Isabelle (Juliette Binoche) ist Künstlerin, geschieden, Mitte/ Ende 40 und Single. Ob sie noch einmal nach der großen Liebe suchen soll, ob man überhaupt nach der großen Liebe suchen sollte, sind die Fragen, die sie umtreiben. Sie hat Affären mit einem selbstgefälligen Banker (Xavier Beauvois), einem etwas verwirrten Schauspieler (Nicolas Duvauchelle), einem sensiblen Künstler (Alex Descas) und einem Mann aus der Arbeiterklasse (Paul Blain), doch wirklich warm wird sie mit keinem dieser Männer. Woran liegt es, dass sie sich nicht wirklich öffnen kann, nie ganz zufrieden mit dem jeweiligen Liebhaber ist? An ihr selbst, an den gesellschaftlichen Konventionen oder doch einfach an der Spezies mit dem Phallus?

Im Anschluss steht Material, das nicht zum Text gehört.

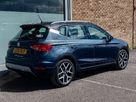 2021-seat-arona-10-tsi-xcellence-lux-110ps-dsg-small-2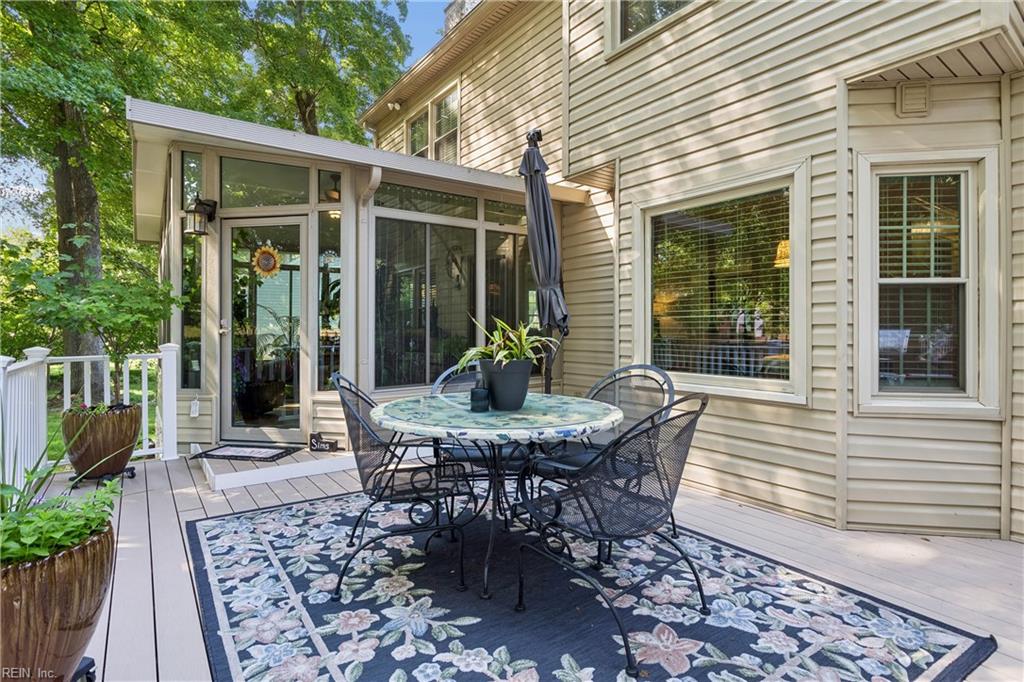 119 Manassas Loop Yorktown VA 23693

Schon die erste Szene ist bezeichnend: Ein Mann müht sich da auf der von Juliette Binoche gespielten Isabelle ab – das Paar hat Sex (im weitesten Sinne, denn dieser Akt wirkt mühsam, nicht gerade lustvoll). Nicht minder verkrampft ist das postkoitale Gespräch, der Versuch des Mannes, bestätigt zu bekommen, dass er nichts falsch gemacht hat, die Bemühungen der Frau, ihn nicht in seiner Männlichkeit zu verletzen. Aber warum eigentlich nicht? Warum fällt es dieser Frau, dieser autarken, eigentlich selbstbewussten, auch erfolgreichen Künstlerin, wie wir sie im Laufe des Films kennen lernen werden, in diesem Moment so schwer, dem Mann zu sagen, dass er ein schlechter Liebhaber ist? Fragen des Zwischenmenschlichen, des Verhältnisses von Männern und Frauen stellt Claire Denis in ihrem Film, der lose auf Roland Barthes „Fragmente einer Sprache der Liebe“ basiert. Diverse Liebhaber hat Isabelle im Lauf der 100 Minuten, probiert in gewisser Weise unterschiedliche Typen aus: Den Arroganten, den Sensiblen, den Fürsorglichen, den Bodenständigen – und ist dabei stets auf der Suche nach etwas Echtem, etwas Wahrem. Alle Männer haben etwas für sich, haben aber auch ihre Macken, die manchmal nur im gesellschaftlichen Blick existieren. Als Isabelle etwa mit einem Mann aus der Arbeiterklasse anbändelt, wird sie bald von einem Galeristen gefragt, ob sie denn überhaupt ein Gesprächsthema hätten? Durchaus, antwortet Isabelle, aber man merkt, dass das nicht die ganze Wahrheit ist, dass ihr Bekannter, der ihr ebenfalls den Hof macht, durchaus Recht mit seiner eigennützigen Bemerkung hat. Man darf diesen Film durchaus autobiographisch verstehen, als Reflexion einer Regisseurin, die im Laufe ihrer 71 Jahre viel erlebt, viel gelebt hat. In Juliette Binoche hat sie ein ideales Alter Ego gefunden, die hier eine bemerkenswert natürliche Darstellung abliefert, frei von der Affektiertheit, vielleicht auch befreit von den Zwängen eines narrativen Konstrukts, ganz offen und auch ungeschützt. Zusammen stellen Binoche und Denis grundlegende Fragen über das Verhältnis von Frauen und Männern in unserer Zeit, über Klischees, Konventionen und den schwierigen Versuch, aus bekannten, auch überkommenen Mustern auszubrechen.